Migrating from MySQL to Postgres in 20 Minutes (give or take)
This blog tells the story of how we changed our developer.salesforce.com website, including Trailhead, from a MySQL cluster running on Amazon, to a Postgres database on Heroku. I’ll share some of the technical details, but the important part is that we improved performance, got an easier environment to work in, and gained the ability to easily integrate with Salesforce via Heroku Connect.
To explain why we made the switch, let’s turn the clocks back to the dark ages (ahem, 2006). Back then we exclusively used a MySQL database, mostly because we were using WordPress for our blog, and that’s what WordPress plays well with. But we also had a MediaWiki site, and chose MySQL again so we could have a consistent database platform. As time moved on and our website evolved, we switched to using a Ruby on Rails-based system, and with that came a new database. But by that time, we were pretty entrenched in MySQL.
An important aside to this backstory, is that Salesforce acquired Heroku in 2010, and so it was quite natural for us to choose one of the Mysql Add-Ons from Heroku. However, this didn’t work too well, because the MySQL Heroku add-on is limited to 40 connections, which wasn’t nearly enough. To get more connections, we leased a MySQL Cluster from ClearDB, and that worked, but at some expense. It should be noted that the Postgres databases supplied by Heroku do not have such strict connection limitations.
The Heroku Advantage
We didn’t have to think about it too hard, switching to Heroku had some clear advantages.
- Dataclips – We use Google Analytics and other tools to analyze traffic and other external details on our website, but we also need to run queries and reports on internal data. For example, people on our team need to know how many Trailhead badges were completed this week. Or how many people pre-registered for a particular event.
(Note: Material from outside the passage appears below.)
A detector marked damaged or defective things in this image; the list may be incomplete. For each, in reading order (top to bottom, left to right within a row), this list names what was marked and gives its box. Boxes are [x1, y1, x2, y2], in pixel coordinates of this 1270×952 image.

By using a Postgres database, we could leverage Heroku’s Dataclips, which is an easy way for us to export queries as CSV files, and give non-technical staff the ability to easily run the queries for data analysis.
- Follower databases – Heroku Follower databases are essentially read-only copies of our database that we can run queries on without affecting the performance of master database. This hot copy of the database continuously stays in sync with the master database and allows us to make real-time queries whenever we want.
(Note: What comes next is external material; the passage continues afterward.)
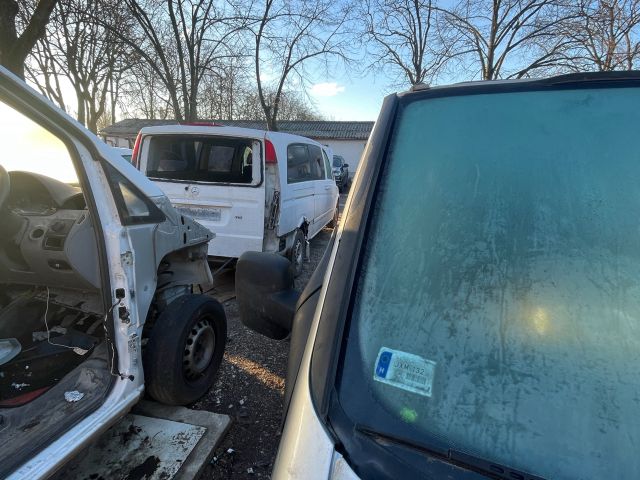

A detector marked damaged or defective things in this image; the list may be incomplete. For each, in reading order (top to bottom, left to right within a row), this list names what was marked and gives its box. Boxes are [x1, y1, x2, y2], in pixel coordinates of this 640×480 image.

damaged white van [0, 69, 226, 478]
damaged white van [131, 124, 340, 274]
- Heroku Connect – Since we integrate with two Salesforce orgs, we wanted to use Heroku Connect from the get-go. Postgres is required for Heroku Connect, and this made the integrations a lot easier for us.
- Database management – Heroku gives us a nicer architecture, it’s cleaner, and easier to manage accounts.
Converting from MySQL to Postgres (in 20 Minutes)
We had two volunteers from Heroku help us, Lyric Hartley and Phil Ripperger. They regularly do this same kind of work with external customers, and it would have been a very different (and maybe unsuccessful) process without them. First they installed a program called ‘pgloader’ on an EC2 instance, which would do the actual conversion. This was as easy as telling pgloader to point directly at the source MySQL instance and the destination Postgres instance. Because both the MySQL and Postgres databases were on the same Amazon network, the conversion took only 20 minutes. Seriously. Our production database amounted to about 1 GB of uncompressed text, and if we’d done the conversion a different way across networks, we’d still be doing this a week later.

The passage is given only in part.